WORK INSTRUCTIONS -
What you give back must match the data below character for character.

SUPPLIED INFORMATION -
_ _ _ _ _

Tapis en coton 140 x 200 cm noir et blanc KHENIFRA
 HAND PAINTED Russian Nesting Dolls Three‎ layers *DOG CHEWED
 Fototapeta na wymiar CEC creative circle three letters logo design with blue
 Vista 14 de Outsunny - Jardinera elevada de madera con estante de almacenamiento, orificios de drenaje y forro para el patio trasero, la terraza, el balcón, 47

_ _ _ _ _

SOLVED PROBLEM -
Tapis en coton 140 x 200 cm noir et blanc KHENIFRA
 HAND PAINTED Russian Nesting Dolls Three‎ layers *DOG CHEWED
 Fototapeta na wymiar CEC creative circle three letters logo design with blue
 Vista 14 de Outsunny - Jardinera elevada de madera con estante de almacenamiento, orificios de drenaje y forro para el patio trasero, la terraza, el balcón, 47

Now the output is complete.